Walter, this post motivated me to explore periodic boundary conditions. Do you have a model of the toroidal inductor that I can download?

Thanks,

Ryan Clary

Hello Ryan,

Although we don’t have a full example model of this situation (yet), please contact COMSOL Support and we can make a sample file available for you.

Best,

Fanny

Hi,

Thanks for the great article. I was wondering how these boundary conditions can be expressed in terms of magnetic vector potential.

From what I have gathered, the Perfect Magnetic Conductor boundary condition corresponds to a Zero Neumann boundary condition, where the normal derivative of the magnetic vector potential is set to zero at the boundary:

n ⋅ ∂A/∂r = 0

From the above, how can one prove that this forces the magnetic flux density vector to cut the boundary at right angle?

Also, I am having trouble figuring out what the Magnetic Insulation boundary condition corresponds to.

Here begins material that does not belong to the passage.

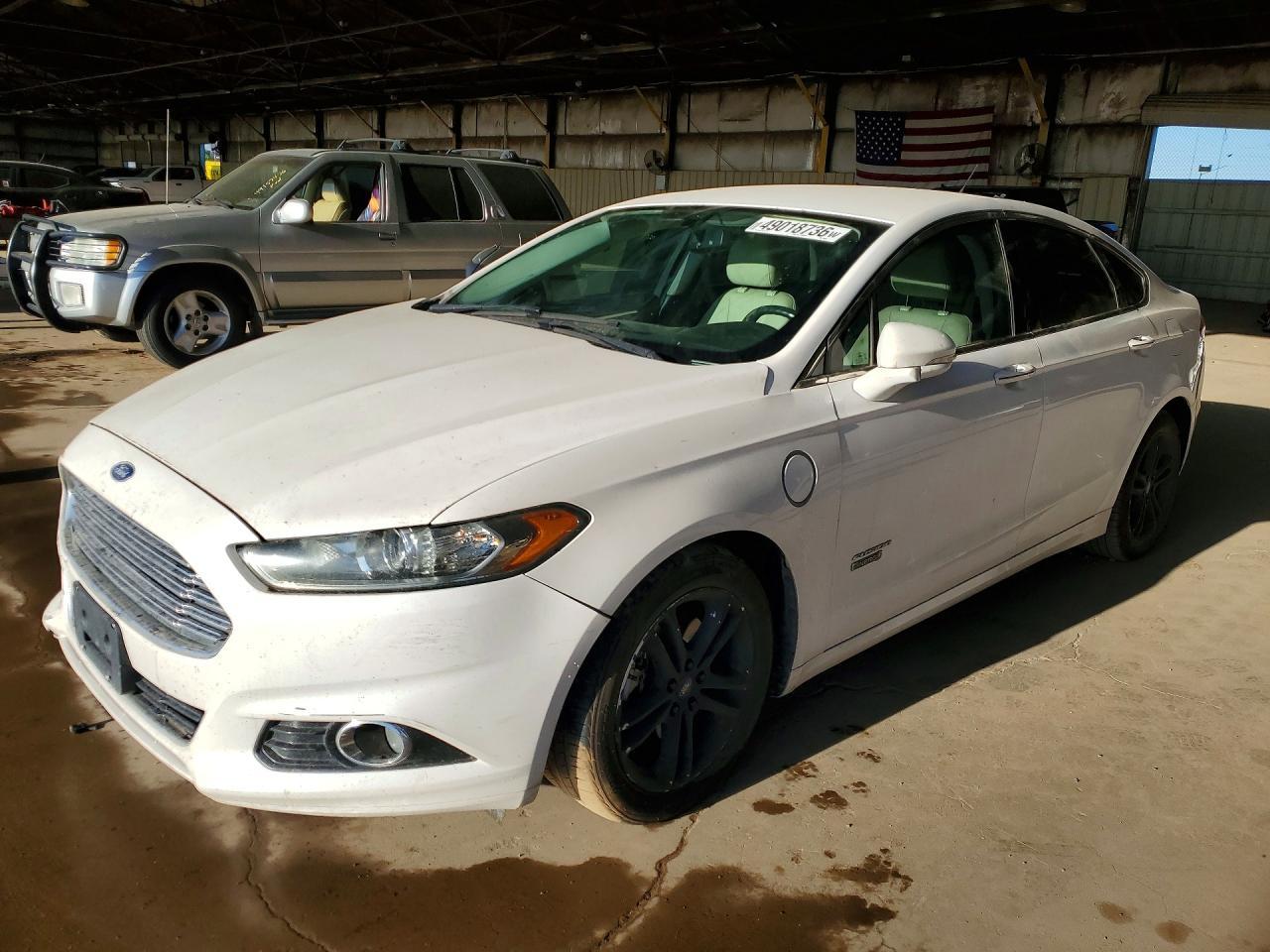 2016 Ford Fusion Titanium Phev - zdjęcie główne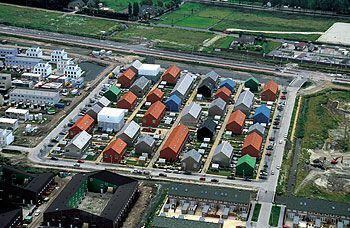 Conjunto residencial Hageneiland, en La Haya, del estudio MVRDV.Arriba, City Container, un proyecto de MVRDV; abajo, el Campo Delta de Guantánamo.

Is it a Dirichlet boundary condition?

If yes, is it n ⋅ A = 0, or just A = 0 ?

If it is the former, I can see how the magnetic flux density is zero in the normal direction to the boundary and non-zero in the tangential direction.

Thanks in advance for your time.

Dear O Kyp,

These are indeed some very interesting questions, I would suggest a textbook on computational electromagnetics if you’re interested in an extensive discussion about how these conditions are formulated. The COMSOL documentation and the equation view will also show you what equations COMSOL is implementing.